Pursuant to the merger, ordered by the Corporate Affairs Ministry, Jignesh Shah-led Financial Technologies group would need to absorb NSEL along with all its liabilities including pending dues, estimated at over Rs 5,200 crore, that needs to be paid to investors, creditors, brokers and others.
This is the first time that the Corporate Affairs Ministry has ordered a 'forced merger' of private entities using a clause under the Companies Act that allows the government to intervene for "essential public interest".
Shares of Financial Technologies (India) Ltd, the holding firm of Shah-led group, fell sharply by 20 per cent to hit its lowest permissible level of Rs 169.65 a piece at the BSE following the government action.
In a brief statement, FTIL said it has received a communication from the government on this draft order and it "is taking appropriate steps in the matter in consultation with the legal counsel of the company".
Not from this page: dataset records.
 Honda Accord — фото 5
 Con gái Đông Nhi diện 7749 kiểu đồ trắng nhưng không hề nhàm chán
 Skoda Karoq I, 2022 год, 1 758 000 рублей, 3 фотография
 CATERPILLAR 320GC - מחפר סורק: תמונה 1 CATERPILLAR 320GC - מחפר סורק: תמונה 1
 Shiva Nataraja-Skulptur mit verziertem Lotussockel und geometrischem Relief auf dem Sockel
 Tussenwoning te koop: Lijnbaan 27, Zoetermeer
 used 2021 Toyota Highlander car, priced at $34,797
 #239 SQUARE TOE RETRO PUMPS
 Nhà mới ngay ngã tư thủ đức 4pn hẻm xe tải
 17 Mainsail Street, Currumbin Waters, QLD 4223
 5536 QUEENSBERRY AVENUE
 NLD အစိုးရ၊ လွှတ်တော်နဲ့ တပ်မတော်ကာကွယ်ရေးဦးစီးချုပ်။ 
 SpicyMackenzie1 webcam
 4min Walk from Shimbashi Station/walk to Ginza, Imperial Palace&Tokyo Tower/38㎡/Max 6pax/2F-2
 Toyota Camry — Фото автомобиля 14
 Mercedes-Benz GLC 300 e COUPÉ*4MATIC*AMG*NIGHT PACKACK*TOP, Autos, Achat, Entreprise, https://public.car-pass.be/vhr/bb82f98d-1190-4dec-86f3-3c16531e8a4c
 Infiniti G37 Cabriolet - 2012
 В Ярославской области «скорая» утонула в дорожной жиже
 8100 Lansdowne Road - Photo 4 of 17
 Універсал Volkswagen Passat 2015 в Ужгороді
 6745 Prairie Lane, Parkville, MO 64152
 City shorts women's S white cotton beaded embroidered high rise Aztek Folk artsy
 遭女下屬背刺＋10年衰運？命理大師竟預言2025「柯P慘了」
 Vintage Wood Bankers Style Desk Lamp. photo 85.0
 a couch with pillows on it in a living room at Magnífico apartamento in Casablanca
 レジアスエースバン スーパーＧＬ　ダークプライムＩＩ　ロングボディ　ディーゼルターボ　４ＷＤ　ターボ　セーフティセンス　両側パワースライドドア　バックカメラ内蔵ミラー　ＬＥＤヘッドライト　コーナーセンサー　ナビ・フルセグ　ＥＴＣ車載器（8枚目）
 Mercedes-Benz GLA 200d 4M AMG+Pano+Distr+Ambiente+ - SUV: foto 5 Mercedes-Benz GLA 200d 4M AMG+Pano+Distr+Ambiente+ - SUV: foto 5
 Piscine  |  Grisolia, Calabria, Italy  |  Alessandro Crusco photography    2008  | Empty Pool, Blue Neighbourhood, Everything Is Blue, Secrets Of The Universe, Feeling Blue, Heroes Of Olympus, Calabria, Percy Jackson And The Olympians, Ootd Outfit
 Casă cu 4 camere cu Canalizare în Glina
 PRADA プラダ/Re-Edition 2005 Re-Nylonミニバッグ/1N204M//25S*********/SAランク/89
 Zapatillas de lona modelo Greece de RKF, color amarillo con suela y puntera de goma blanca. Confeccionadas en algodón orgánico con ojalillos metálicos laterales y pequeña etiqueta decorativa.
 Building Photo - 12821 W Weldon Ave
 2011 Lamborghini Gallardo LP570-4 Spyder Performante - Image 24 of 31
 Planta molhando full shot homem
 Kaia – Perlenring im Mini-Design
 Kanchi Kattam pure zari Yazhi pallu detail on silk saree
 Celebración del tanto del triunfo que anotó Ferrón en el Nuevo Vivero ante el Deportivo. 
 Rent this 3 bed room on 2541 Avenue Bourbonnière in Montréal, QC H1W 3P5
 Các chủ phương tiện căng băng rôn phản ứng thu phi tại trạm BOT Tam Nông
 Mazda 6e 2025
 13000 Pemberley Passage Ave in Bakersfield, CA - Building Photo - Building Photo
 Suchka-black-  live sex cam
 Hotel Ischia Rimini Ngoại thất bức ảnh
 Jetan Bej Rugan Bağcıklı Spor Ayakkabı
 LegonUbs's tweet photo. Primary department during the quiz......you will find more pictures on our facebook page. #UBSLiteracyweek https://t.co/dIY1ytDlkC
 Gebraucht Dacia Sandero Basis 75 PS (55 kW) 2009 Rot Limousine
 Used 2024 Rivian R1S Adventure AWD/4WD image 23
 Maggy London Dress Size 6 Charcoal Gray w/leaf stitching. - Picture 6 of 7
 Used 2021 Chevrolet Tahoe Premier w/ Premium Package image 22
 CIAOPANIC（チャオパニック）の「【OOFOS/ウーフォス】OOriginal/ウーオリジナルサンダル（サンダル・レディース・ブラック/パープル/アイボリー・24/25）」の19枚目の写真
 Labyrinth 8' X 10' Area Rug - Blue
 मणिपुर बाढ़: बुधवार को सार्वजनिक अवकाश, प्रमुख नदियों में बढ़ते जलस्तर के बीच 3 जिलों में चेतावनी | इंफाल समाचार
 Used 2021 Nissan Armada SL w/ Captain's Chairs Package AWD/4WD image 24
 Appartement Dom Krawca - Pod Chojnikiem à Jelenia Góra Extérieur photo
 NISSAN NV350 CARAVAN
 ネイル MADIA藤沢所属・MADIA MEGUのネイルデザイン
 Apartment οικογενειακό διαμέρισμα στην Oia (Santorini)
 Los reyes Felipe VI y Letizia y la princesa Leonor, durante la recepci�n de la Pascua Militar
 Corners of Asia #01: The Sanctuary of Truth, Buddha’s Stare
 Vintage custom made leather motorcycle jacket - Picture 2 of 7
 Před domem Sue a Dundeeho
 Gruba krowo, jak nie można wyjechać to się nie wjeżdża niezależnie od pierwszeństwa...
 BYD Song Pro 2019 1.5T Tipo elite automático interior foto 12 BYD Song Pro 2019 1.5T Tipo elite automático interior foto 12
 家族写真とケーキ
The decision, which came over a year after the NSEL crisis broke out in July 2013, has been taken in "essential public interest" as the exchange is "not left with any viable, sustainable business while FTIL has necessary resources to facilitate speedy recovery of dues", the order said.
"In the face of a fraud of such a magnitude involving settlement crises of Rs 5,600 crore owed to over 13,000 investors on the trading platforms of NSEL, FTIL cannot seek to take refuge behind the corporate so as to unjustifiably isolate itself from the fraudulent actions that took place at NSEL resulting in such a huge payment crisis," it added.
So far, NSEL has managed to recover nearly Rs 360 crore from defaulters. A small amount out of this has already been refunded to the investors, while the rest has been kept in an escrow account.
The move to merge NSEL with FTIL - first major government intervention in a scam-hit private sector entity since the Satyam case in 2009 - would take a final shape after taking into account submissions or objections made by shareholders and creditors of the two companies.